#### [Crawled caption data]
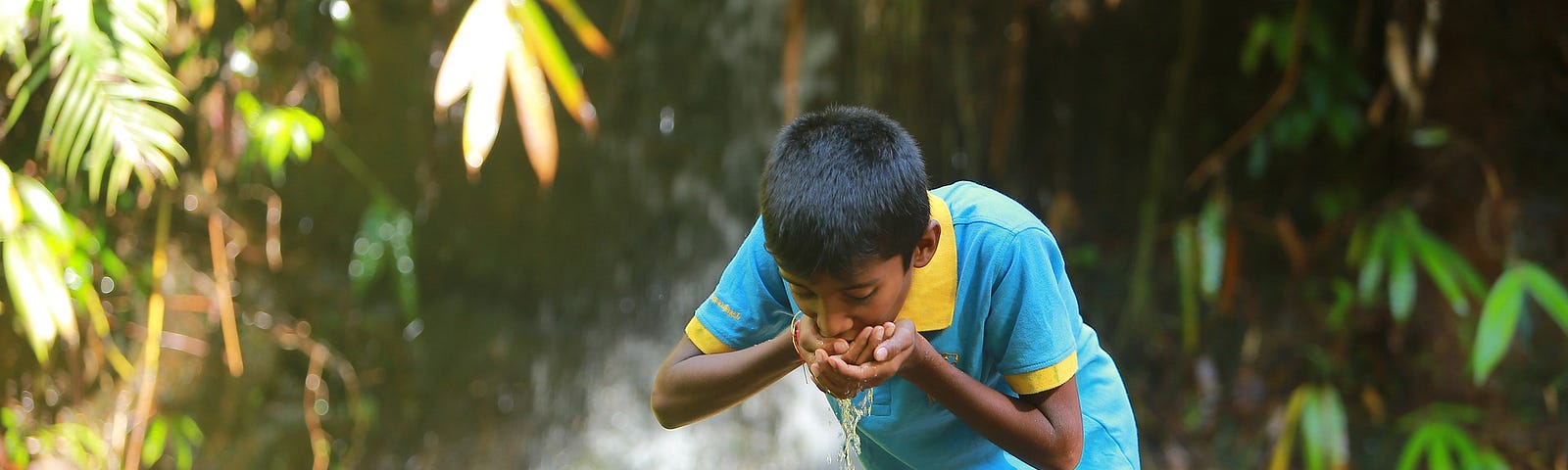 Indian boy blue clothing drinking water from an open pipe in a jungle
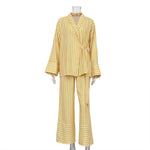Tie-front top and high-waisted trousers set in yellow, front view on a plain background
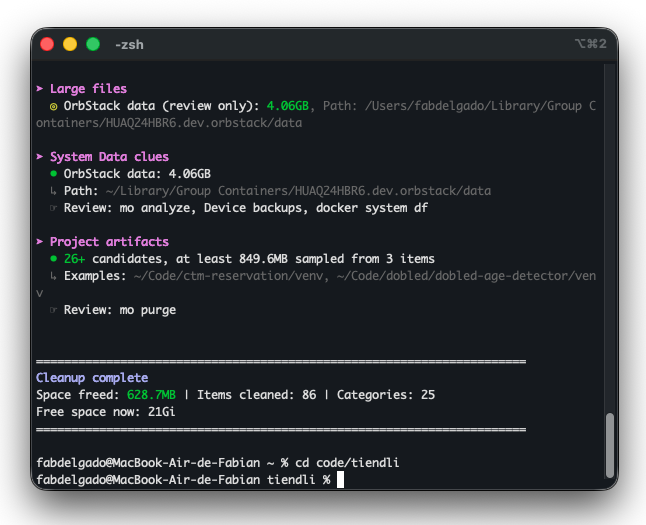 Salida de mo clean en la terminal: archivos grandes, datos de OrbStack, artefactos de proyecto con carpetas venv y 628,7 MB liberados al terminar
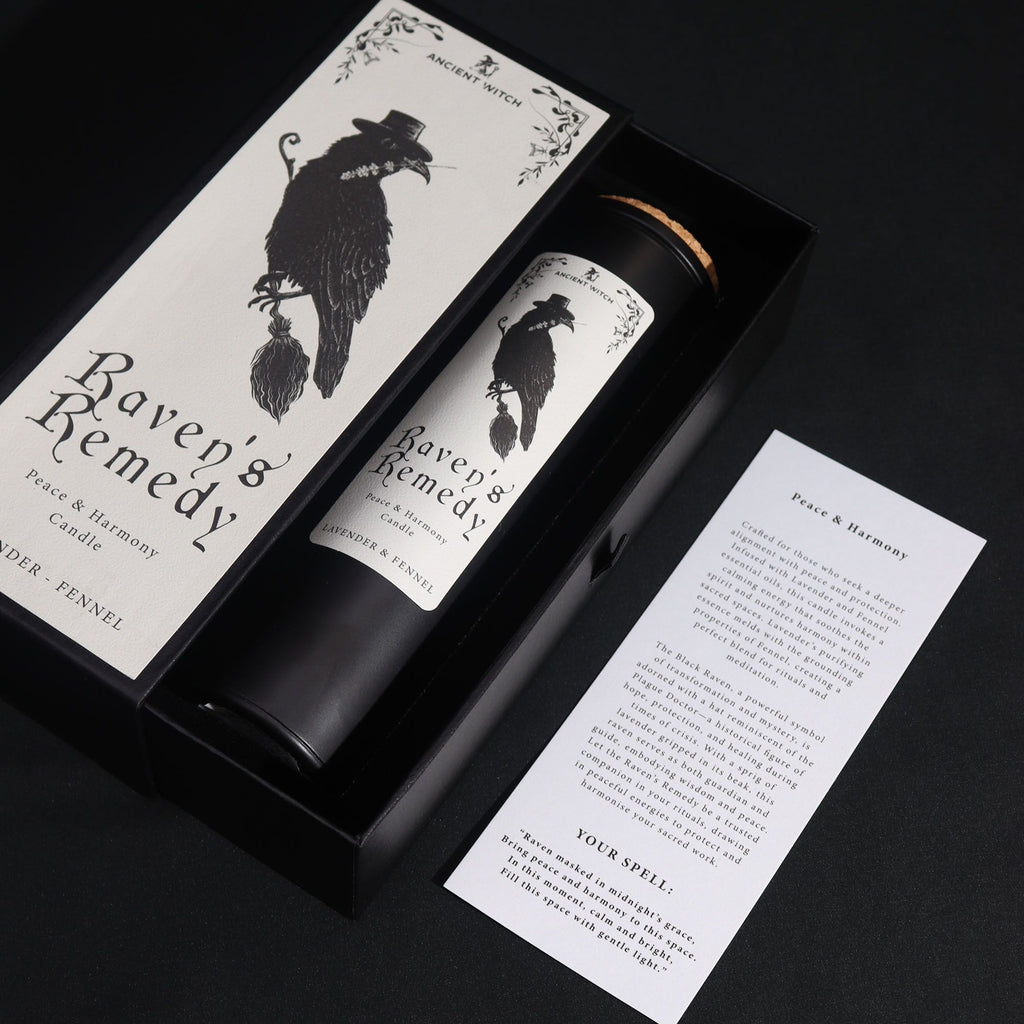 Candle packaging with 'Raven's Remedy' branding on a black background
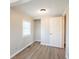 Bedroom featuring wood floors and natural light from a window at 2109 N Janney Ave, Muncie, IN 47304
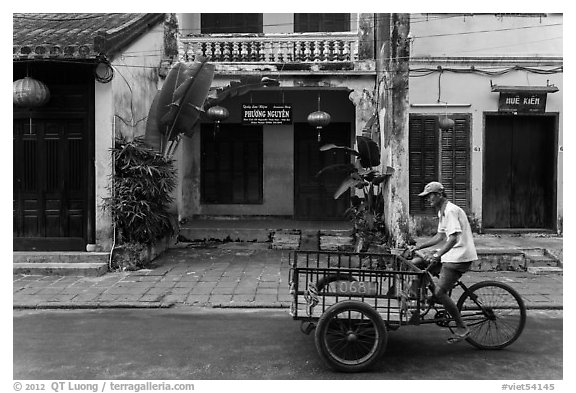 Man riding tricycle cart in front of old townhouses. Hoi An, Vietnam (black and white)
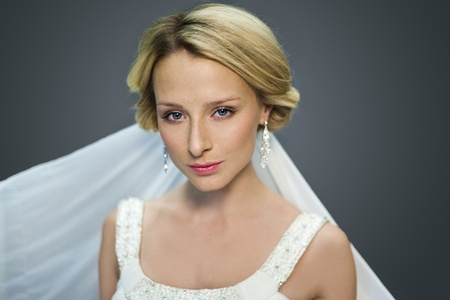 Portrait of beautiful young bride smiling to camera の写真素材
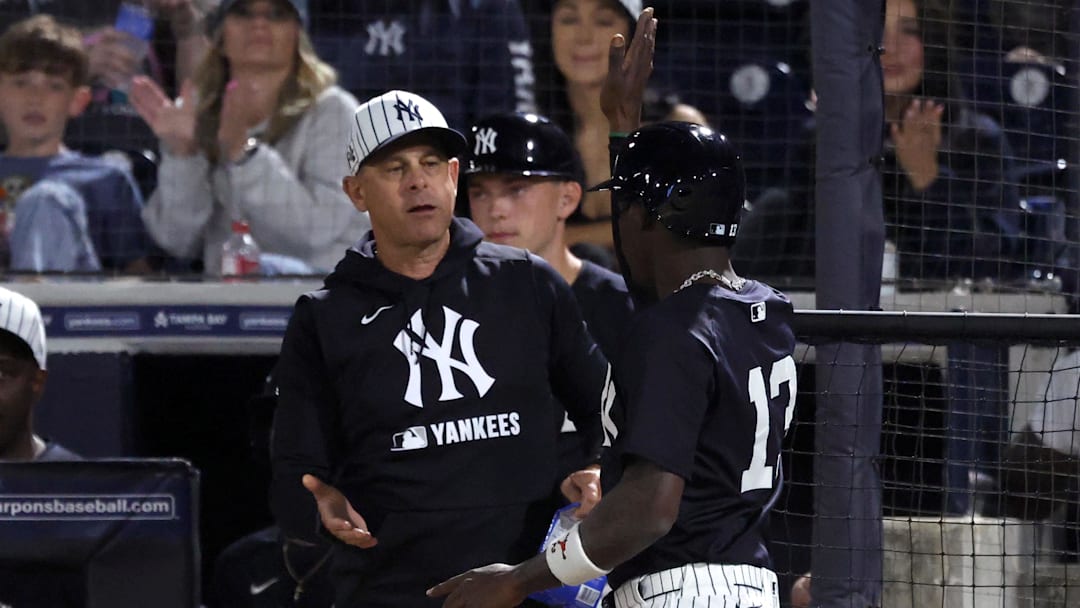 Mar 3, 2025; Tampa, Florida, USA; New York Yankees third base Jazz Chisholm Jr. (13) is congratulated by manager Aaron Boone (17) after he scored a run during the fifth inning against the Pittsburgh Pirates at George M. Steinbrenner Field. Mandatory Credit: Kim Klement Neitzel-Imagn Images Mar 3, 2025; Tampa, Florida, USA; New York Yankees third base Jazz Chisholm Jr. (13) is congratulated by manager Aaron Boone (17) after he scored a run during the fifth inning against the Pittsburgh Pirates at George M. Steinbrenner Field. Mandatory Credit: Kim Klement Neitzel-Imagn Images
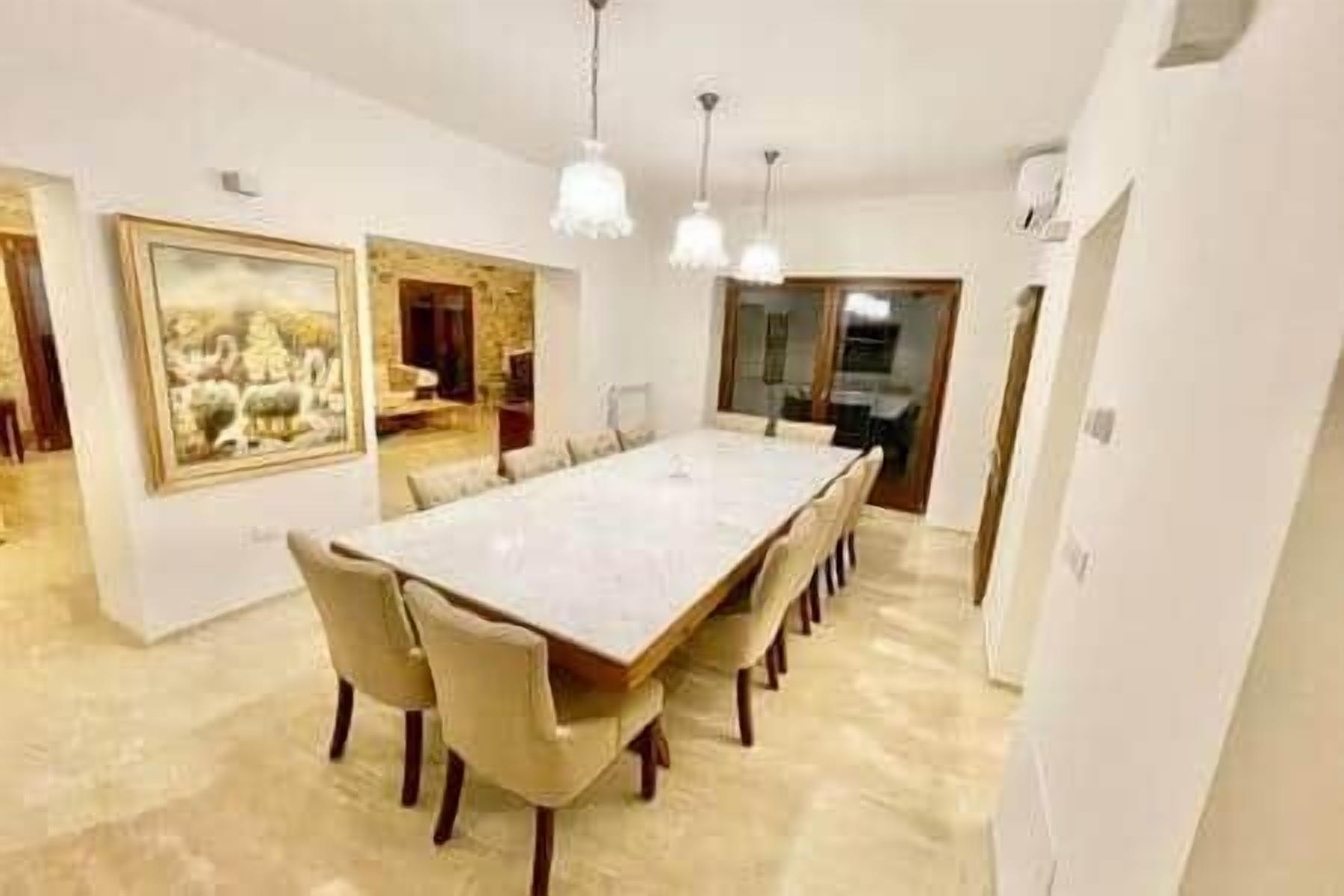 A dining room with a long table, chairs, pendant lights, and a large framed picture on the wall.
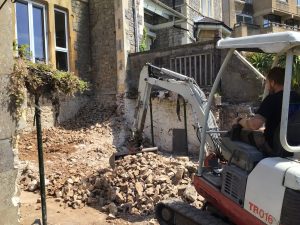 Mini digger clearing rubble where a rear extension is being broken through into a stone period house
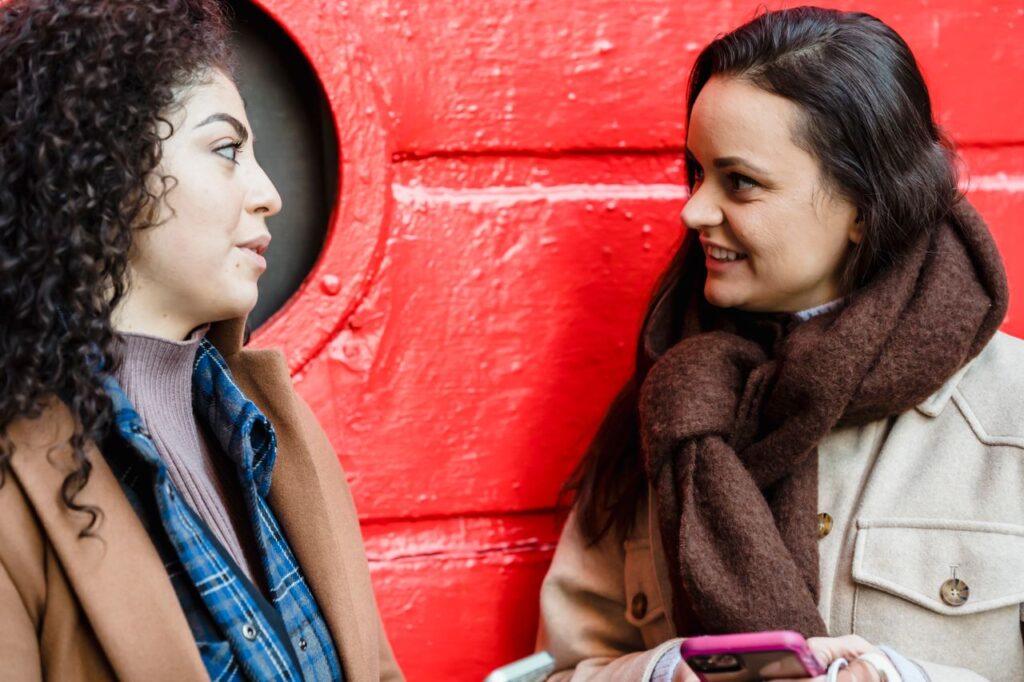 Two young women having a friendly conversation outdoors against a vibrant red backdrop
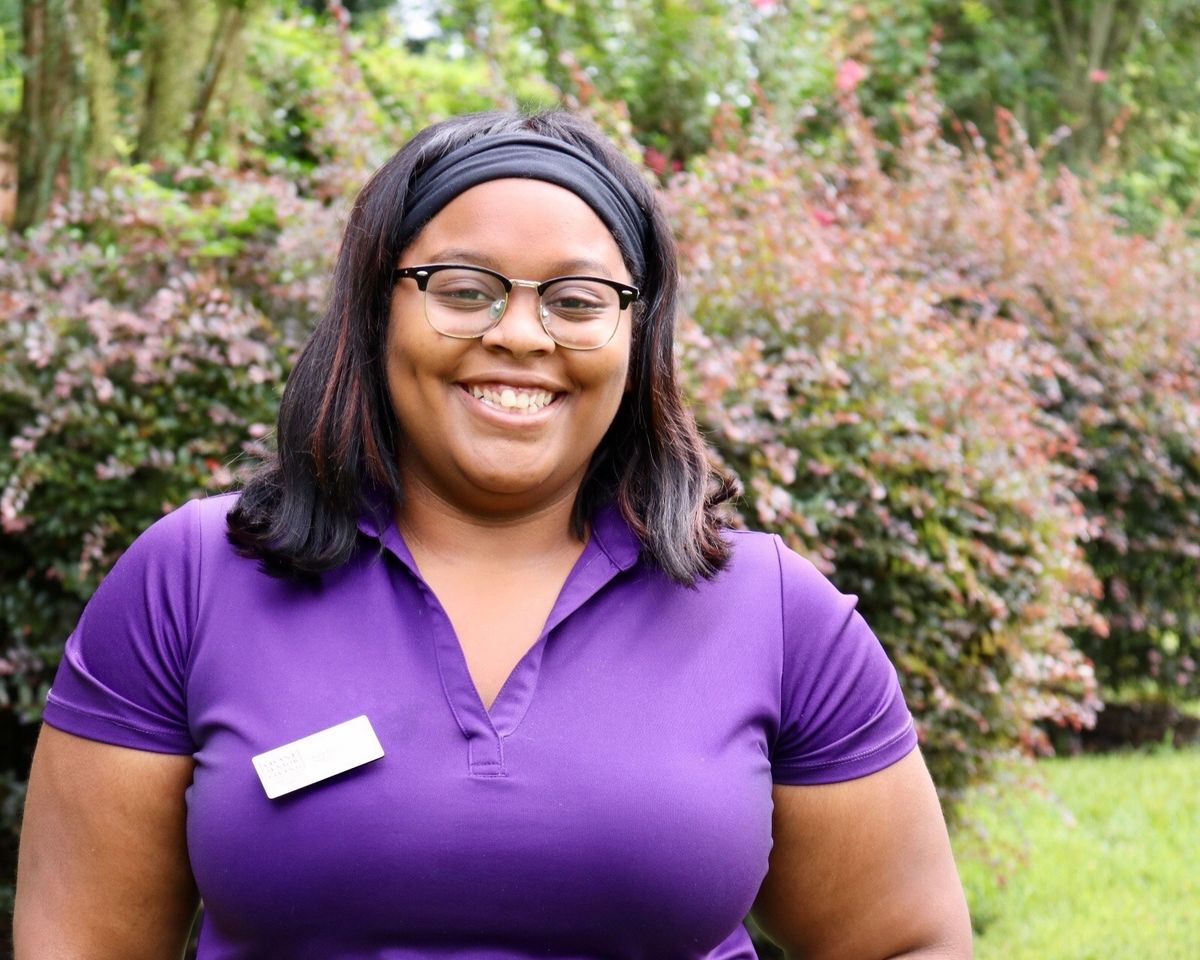 A woman in a purple shirt smiling outdoors with greenery in the background.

#### [Exercise]
Whenever images occur above, omit them and retype each line exactly as it stands.

#### [Written solution]
 Indian boy blue clothing drinking water from an open pipe in a jungle
Tie-front top and high-waisted trousers set in yellow, front view on a plain background
 Salida de mo clean en la terminal: archivos grandes, datos de OrbStack, artefactos de proyecto con carpetas venv y 628,7 MB liberados al terminar
 Candle packaging with 'Raven's Remedy' branding on a black background
 Bedroom featuring wood floors and natural light from a window at 2109 N Janney Ave, Muncie, IN 47304
 Man riding tricycle cart in front of old townhouses. Hoi An, Vietnam (black and white)
 Portrait of beautiful young bride smiling to camera の写真素材
 Mar 3, 2025; Tampa, Florida, USA; New York Yankees third base Jazz Chisholm Jr. (13) is congratulated by manager Aaron Boone (17) after he scored a run during the fifth inning against the Pittsburgh Pirates at George M. Steinbrenner Field. Mandatory Credit: Kim Klement Neitzel-Imagn Images Mar 3, 2025; Tampa, Florida, USA; New York Yankees third base Jazz Chisholm Jr. (13) is congratulated by manager Aaron Boone (17) after he scored a run during the fifth inning against the Pittsburgh Pirates at George M. Steinbrenner Field. Mandatory Credit: Kim Klement Neitzel-Imagn Images
 A dining room with a long table, chairs, pendant lights, and a large framed picture on the wall.
 Mini digger clearing rubble where a rear extension is being broken through into a stone period house
 Two young women having a friendly conversation outdoors against a vibrant red backdrop
 A woman in a purple shirt smiling outdoors with greenery in the background.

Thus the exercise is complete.